Modern JavaScript engines natively support private properties in classes, prefixed with #. They are described in the article Properti dan metode _private_ dan _protected_. No proxies required.

Such properties have their own issues though. In particular, they are not inherited.

“In range” with “has” trap

Let’s see more examples.

We have a range object:

let range = {
  start: 1,
  end: 10
};

We’d like to use the in operator to check that a number is in range.

The has trap intercepts in calls.

has(target, property)

  • target – is the target object, passed as the first argument to new Proxy,
  • property – property name

Here’s the demo:

let range = {
  start: 1,
  end: 10
};

range = new Proxy(range, {
  has(target, prop) {
    return prop >= target.start && prop <= target.end;
  }
});

alert(5 in range); // true
alert(50 in range); // false

Nice syntactic sugar, isn’t it? And very simple to implement.

Wrapping functions: "apply"

We can wrap a proxy around a function as well.

The apply(target, thisArg, args) trap handles calling a proxy as function:

  • target is the target object (function is an object in JavaScript),
  • thisArg is the value of this.
  • args is a list of arguments.

For example, let’s recall delay(f, ms) decorator, that we did in the article Decorators dan forwarding, call/apply.

In that article we did it without proxies. A call to delay(f, ms) returned a function that forwards all calls to f after ms milliseconds.

Here’s the previous, function-based implementation:

function delay(f, ms) {
  // return a wrapper that passes the call to f after the timeout
  return function() { // (*)
    setTimeout(() => f.apply(this, arguments), ms);
  };
}

function sayHi(user) {
  alert(`Hello, ${user}!`);
}

// after this wrapping, calls to sayHi will be delayed for 3 seconds
sayHi = delay(sayHi, 3000);

sayHi("John"); // Hello, John! (after 3 seconds)

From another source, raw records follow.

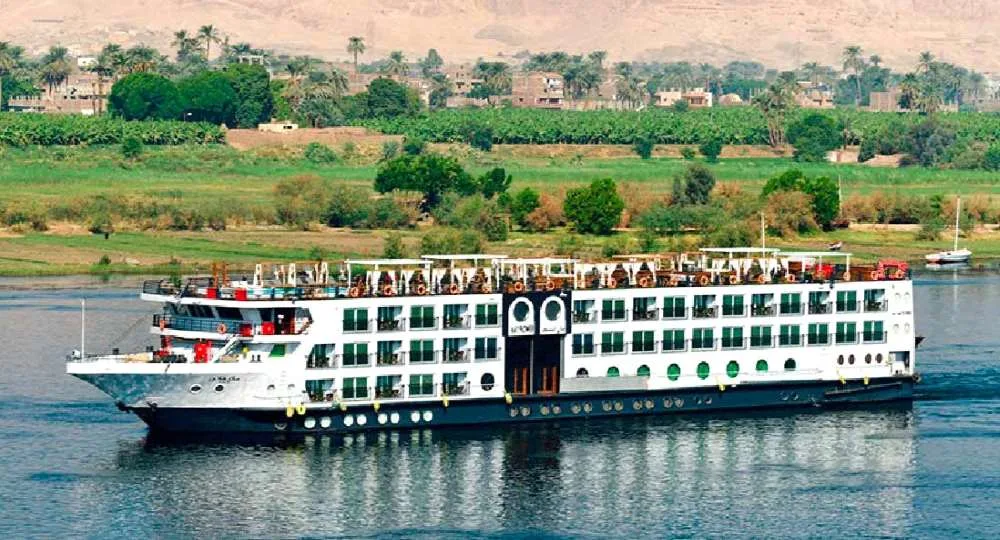Crucero el Nilo
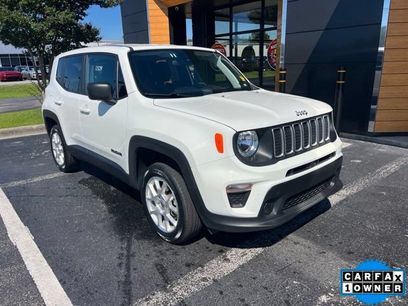 Used 2023 Jeep Renegade Latitude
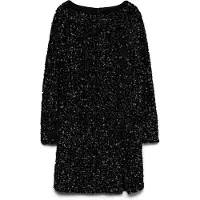 Vero Moda Robe de cocktail 'VMBella' noir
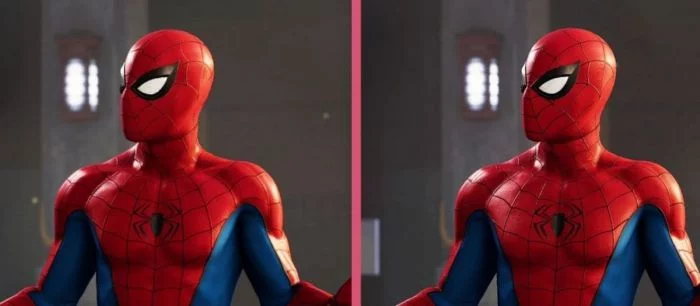Посмотрите, как отличается графика Marvel's Spider-Man на PS4 и PS4 Pro — видео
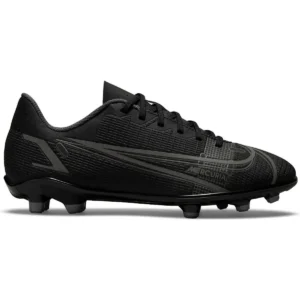 Jr Mercurial Vapor 14 Club Fg/mg کفش فوتبال مشکی بچه گانه (Slim Fit) - 1980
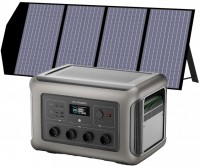 Photos - Portable Power Station Allpowers R3500 + AP-SP-029 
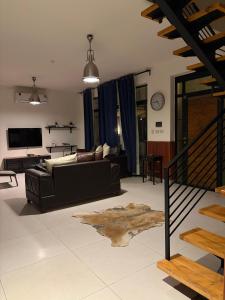 Private Chalet in Dabouq , Night-Lit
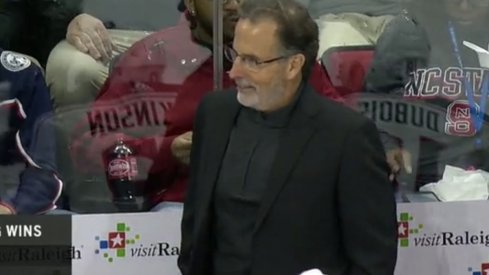 John Tortorella's Sweater Is The Fashion Statement of the Century 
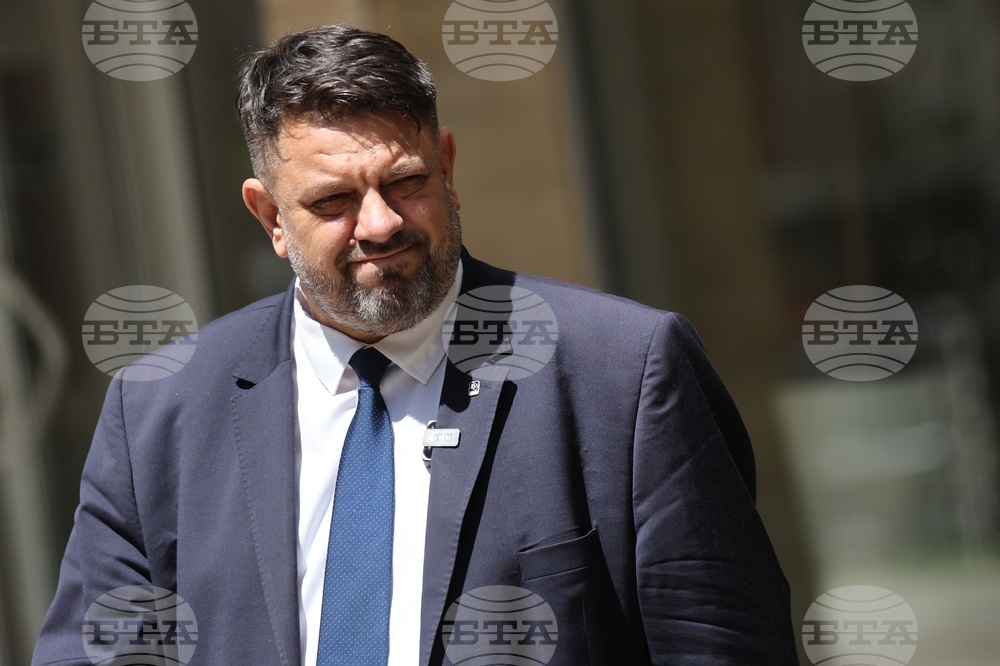 Атанас Зафиров - брифинг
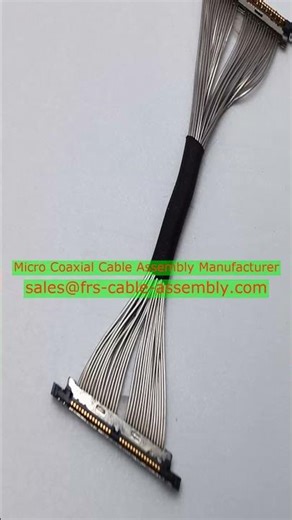 Reliable micro-coax wire manufacturer USA supplier Export AI Platforms Manufacturing Partner in Tact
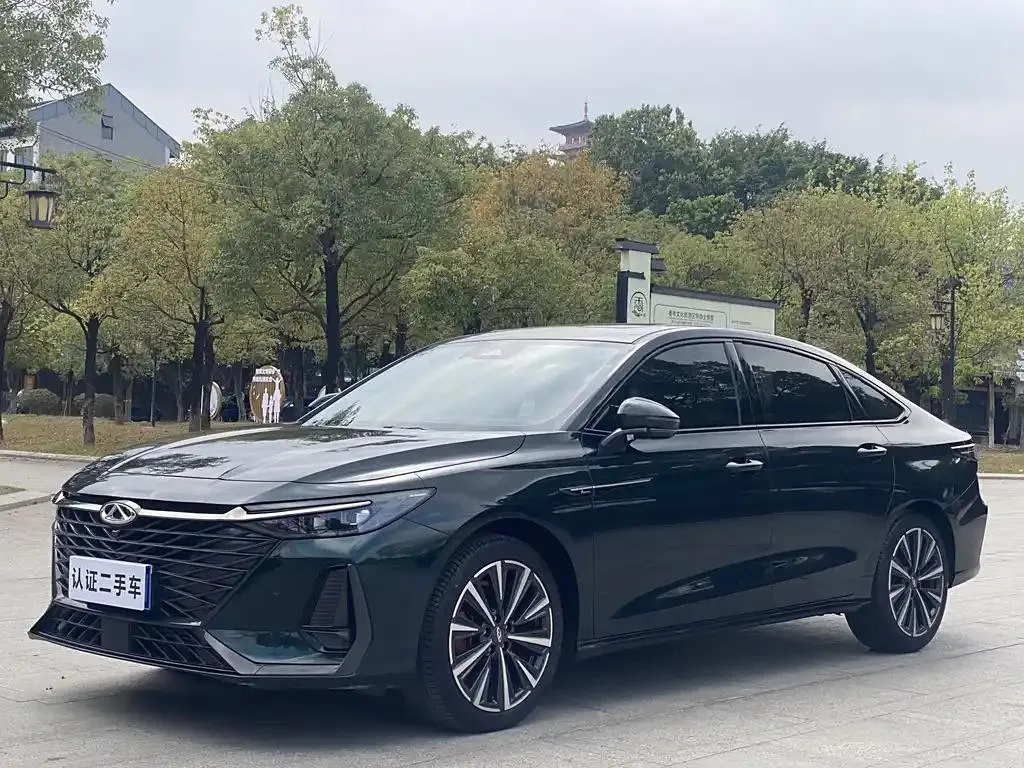 Chery Arrizo 8 Arrizo 8 2023 High Energy Edition 2.0T DCT — photo 1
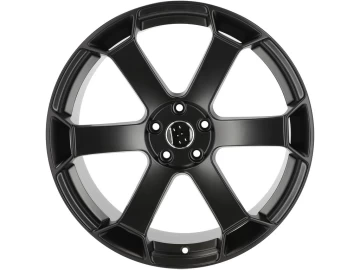 Jantes Look Audi RS6 GT 20x9 5X112 ET 30 66.5 (Preto Metade Matte)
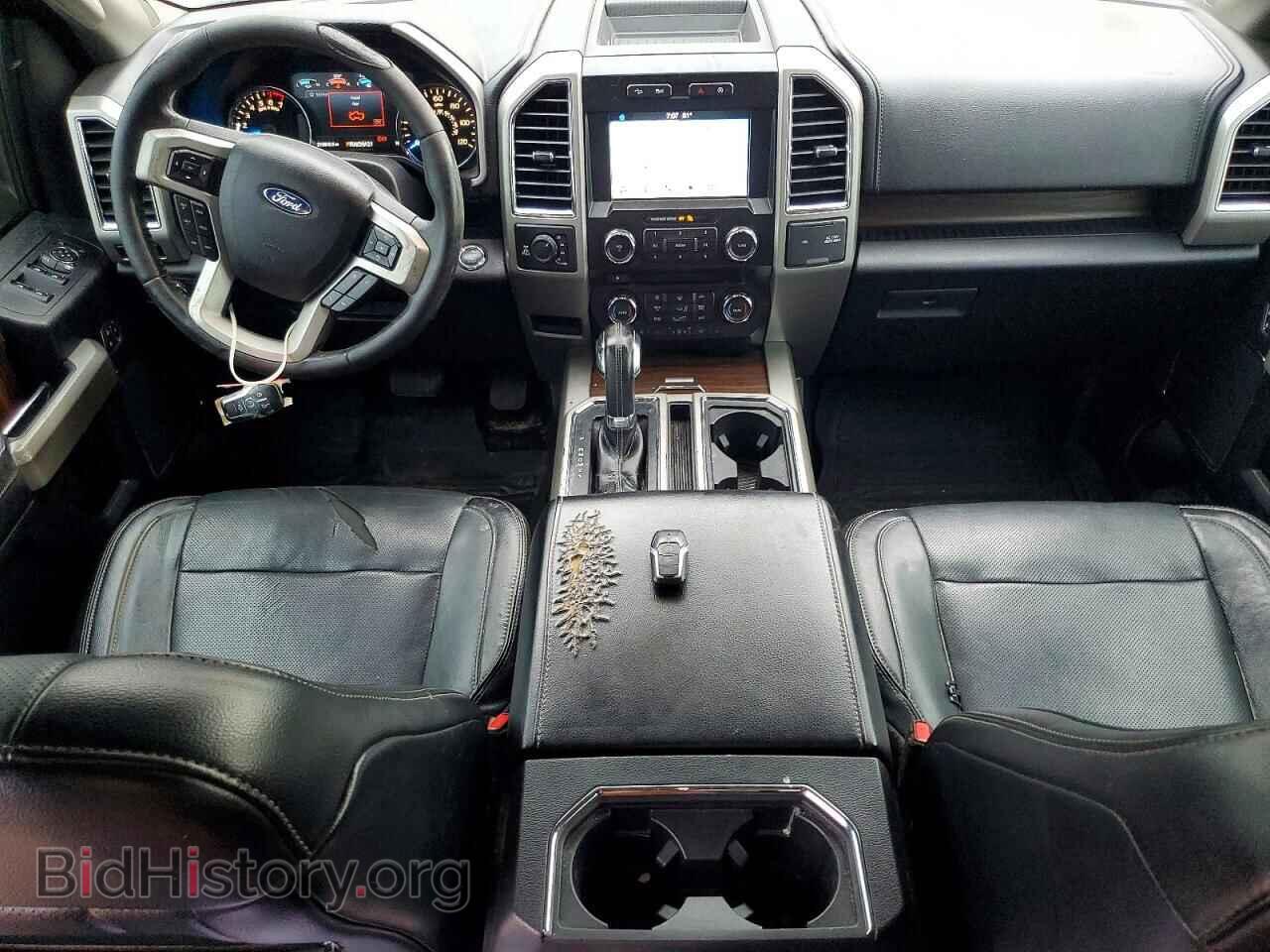 2017 FORD F150 - VIN: 1FTEW1EPXHKC42732 - Фото 8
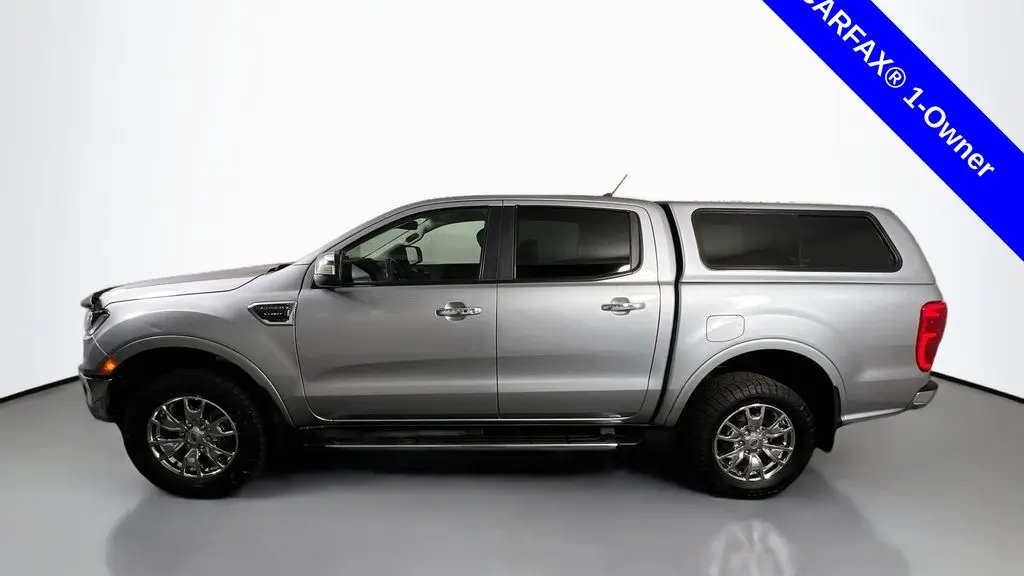 2020 Ford Ranger XL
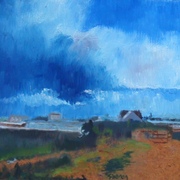 Snettisham_card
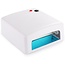 UV Nagellamp 36WATT voor gelnagels en gellak nagels te drogen. Nagel lamp wit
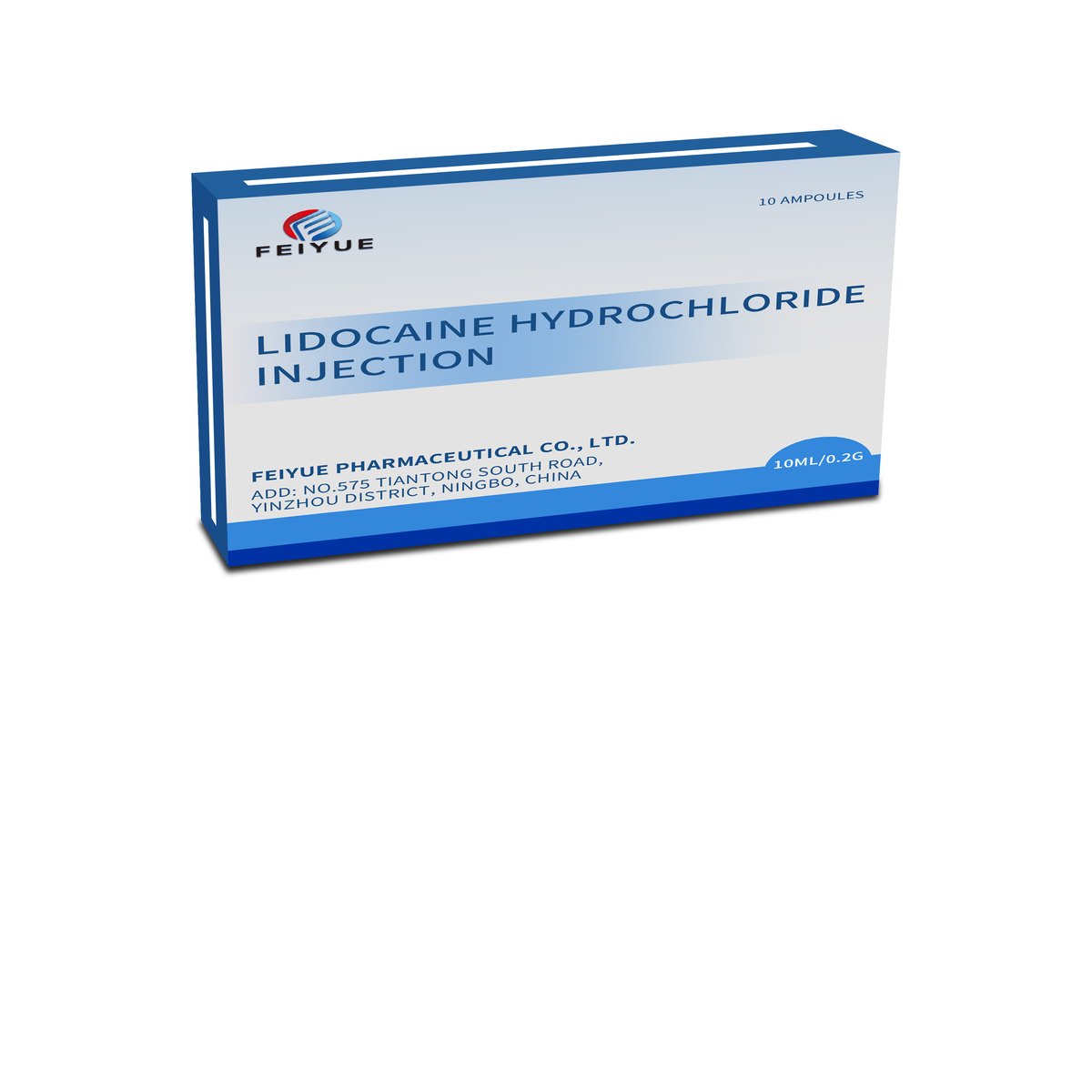 Procaine Hydrochloride Injection 2ml:40mg / 5ml:0.5% - view 1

As we’ve seen already, that mostly works. The wrapper function (*) performs the call after the timeout.

But a wrapper function does not forward property read/write operations or anything else. After the wrapping, the access is lost to properties of the original functions, such as name, length and others:

function delay(f, ms) {
  return function() {
    setTimeout(() => f.apply(this, arguments), ms);
  };
}

function sayHi(user) {
  alert(`Hello, ${user}!`);
}

alert(sayHi.length); // 1 (function length is the arguments count in its declaration)

sayHi = delay(sayHi, 3000);

alert(sayHi.length); // 0 (in the wrapper declaration, there are zero arguments)

Proxy is much more powerful, as it forwards everything to the target object.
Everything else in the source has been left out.